務安空港事故機エンジンの欠陥、メーカーも認知していた【独自】

投稿者: | 2025年11月3日

 昨年12月、務安空港で179人が死亡したチェジュ航空旅客機(HL8088)の事故で、同機に搭載されていたエンジン(CFM56)を製作したCFMインターナショナル(CFMI)が、このエンジンに構造的欠陥があるという技術関連文書を作成していたことが29日、確認された。CFMIは米GEとフランスのサフランが合弁してできた会社だ。

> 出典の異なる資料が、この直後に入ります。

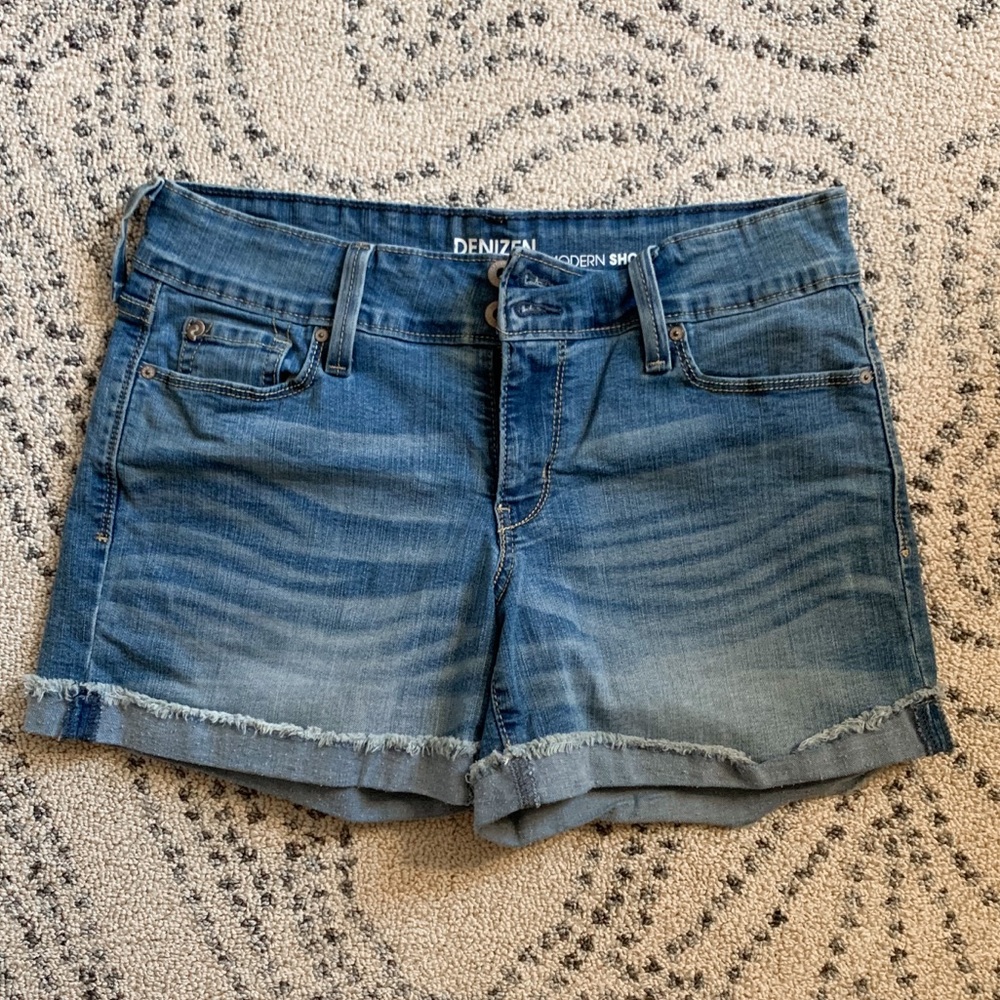 Levi’s cuffed shorts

 韓国国会国土交通委員会の委員で野党・国民の力所属の金恩慧(キム・ウンヘ)議員によると、CFMIは2023年4月、該当エンジンの高圧タービンのブレード(刃)に亀裂が入り、全体の損傷を引き起こすという技術指示書(Service Bulletin)を発行していたことが確認された。これはエンジンメーカーが航空会社や整備士などに配布する文書だ。少なくともこの時点からCFMIもエンジンそのものの欠陥の可能性について認知していたということになる。

 CFMIが当時、この文書を出したのは、2022年11月にチェジュ航空機(HL8303)が日本の関西国際空港を出発して済州島に向かう途中、エンジンの欠陥で引き返す事故がきっかけだった可能性が高い。同機では当時、高さ1500フィートに上昇した際に「ボン」という音と共にエンジンが故障した。

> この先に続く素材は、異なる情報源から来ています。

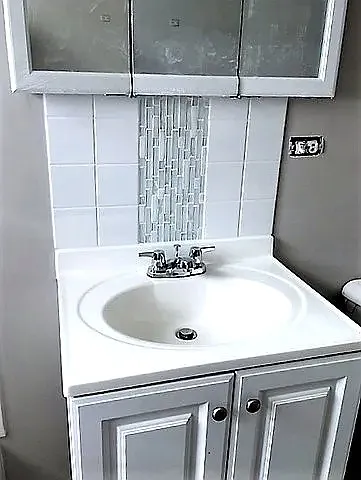 $1,550 | 6540 West Higgins Avenue, Unit 2E, Chicago, IL 60656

 チェジュ航空は翌年、ドイツのエンジンメーカーMTUにCFM56エンジンの修理を任せたが、MTUがこのエンジンに構造的欠陥があると見て、チェジュ航空に関連内容を通知した。MTUは当時、「エンジン製造中に特殊工程および鍛造過程で発生したブレードの欠陥が主な原因となってエンジン内部が損傷した」とチェジュ航空側に伝えた。工程段階で品質が確保されてない製造上の欠陥だったということだ。ある航空業界関係者は「CFMIの立場としては製造上の欠陥という判定が出たので、関連内容を顧客に知らせる必要があっただろう」と話す。だが、CFMIは欠陥内容を記載しながらも、ブレードを交換周期通りに交換すれば、故障を防げると判断したという。

 チェジュ航空は関西国際空港での事故後、該当のエンジンを廃棄した。しかし、このエンジンと同じ種類のエンジンを搭載した航空機は運航を続けた。務安空港事故機にも、これと同じ種類のエンジンが搭載されていた。チェジュ航空側は「このエンジンは全世界の航空機に最も多く搭載されているエンジンの一つだ。エンジンに装着された高圧タービンのブレードはメーカーの勧告に合わせた基準を適用し運用している」と述べた。